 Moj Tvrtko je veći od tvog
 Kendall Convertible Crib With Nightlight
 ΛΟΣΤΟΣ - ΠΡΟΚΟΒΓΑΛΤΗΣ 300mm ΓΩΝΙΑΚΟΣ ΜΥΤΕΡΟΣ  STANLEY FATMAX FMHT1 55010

## Exercise:
Repeat the listing above in full, word for word.

## Written answer:
 Moj Tvrtko je veći od tvog
 Kendall Convertible Crib With Nightlight
 ΛΟΣΤΟΣ - ΠΡΟΚΟΒΓΑΛΤΗΣ 300mm ΓΩΝΙΑΚΟΣ ΜΥΤΕΡΟΣ  STANLEY FATMAX FMHT1 55010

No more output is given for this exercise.